Python -- floating point arithmetic

Thu Jul 8 03:32:24 EDT 2010

On Thu, 08 Jul 2010 06:04:33 +0200, David Cournapeau wrote:

> On Thu, Jul 8, 2010 at 5:41 AM, Zooko O'Whielacronx <zooko at zooko.com>
> wrote:
>> I'm starting to think that one should use Decimals by default and
>> reserve floats for special cases.
>>
>> This is somewhat analogous to the way that Python provides
>> arbitrarily-big integers by default and Python programmers only use
>> old-fashioned fixed-size integers for special cases, such as
>> interoperation with external systems or highly optimized pieces (in
>> numpy or in native extension modules, for example).
> 
> I don't think it is analogous at all. Arbitrary-bit integers have a
> simple tradeoff: you are willing to lose performance and memory for
> bigger integer. If you leave performance aside, there is no downside
> that I know of for using big int instead of "machine int".

Well, sure, but that's like saying that if you leave performance aside, 
there's no downside to Bubblesort instead of Quicksort.

However, I believe that in Python at least, the performance cost of 
arbitrary-sized longs is quite minimal compared to the benefit, at least 
for "reasonable" sized ints, and so the actual real-world cost of 
unifying the int and long types is minimal.

On the other hand, until Decimal is re-written in C, it will always be 
*significantly* slower than float.

$ python -m timeit "2.0/3.0"
1000000 loops, best of 3: 0.139 usec per loop
$ python -m timeit -s "from decimal import Decimal as D" "D(2)/D(3)"
1000 loops, best of 3: 549 usec per loop

That's three orders of magnitude difference in speed. That's HUGE, and 
*alone* is enough to disqualify changing to Decimal as the default 
floating point data type.

Perhaps in the future, if and when Decimal has a fast C implementation, 
this can be re-thought.

> Since you are
> using python, you already bought this kind of tradeoff anyway.
> 
> Decimal vs float is a different matter altogether: decimal has downsides
> compared to float. First, there is this irreconcilable fact that no
> matter how small your range is, it is impossible to represent exactly
> all (even most) numbers exactly with finite memory - float and decimal
> are two different solutions to this issue, with different tradeoffs.

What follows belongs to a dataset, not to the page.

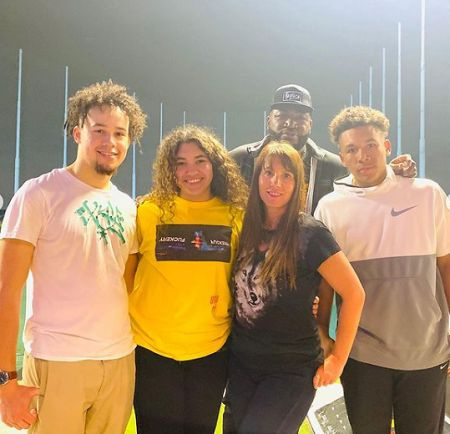   David Ortiz's kids and wife.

Yes, but how is this a downside *compared* to float? In what way does 
Decimal have downsides that float doesn't? Neither can represent 
arbitrary real numbers exactly, but if anything float is *worse* compared 
to Decimal for two reasons:

* Python floats are fixed to a single number of bits, while the size of 
Decimals can be configured by the user;

* floats can represent sums of powers of two exactly, while Decimals can 
represent sums of powers of ten exactly. Not only does that mean that any 
number exactly representable as a float can also be exactly represented 
as a Decimal, but Decimals can *additionally* represent exactly many 
numbers of human interest that floats cannot.

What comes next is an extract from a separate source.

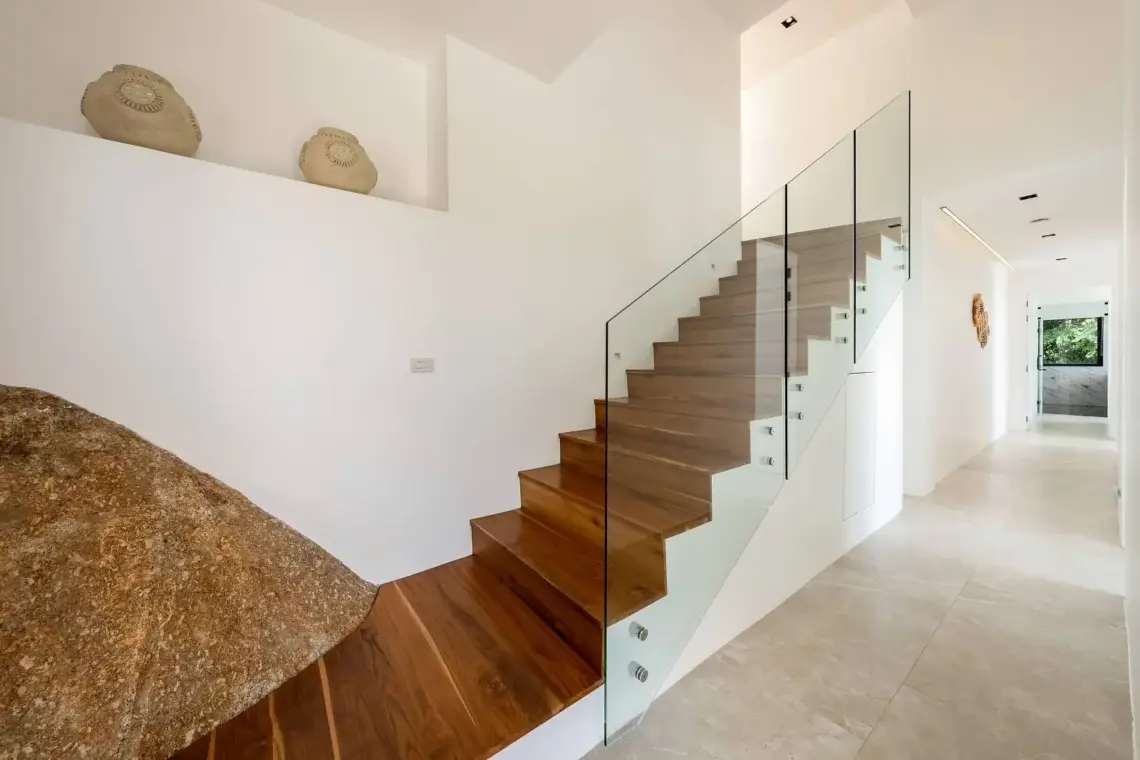 Teak staircase beside natural granite in a Chaweng Noi villa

> Decimal are more "intuitive" than float for numbers that can be
> represented as decimal - but most numbers cannot be represented as
> (finite) decimal.

True, but any number that can't be, also can't be exactly represented as 
a float either, so how does using float help?

[...] 
>> And most of the time (in my experience) the inputs and outputs to your
>> system and the literals in your code are actually decimal, so
>> converting them to float immediately introduces a lossy data conversion
>> before you've even done any computation. Decimal doesn't have that
>> problem.
> 
> That's not true anymore once you start doing any computation, if by
> decimal you mean finite decimal. And that will be never true once you
> start using non trivial computation (i.e. transcendental functions like
> log, exp, etc...).

But none of those complications are *inputs*, and, again, floats suffer 
from exactly the same problem.

-- 
Steven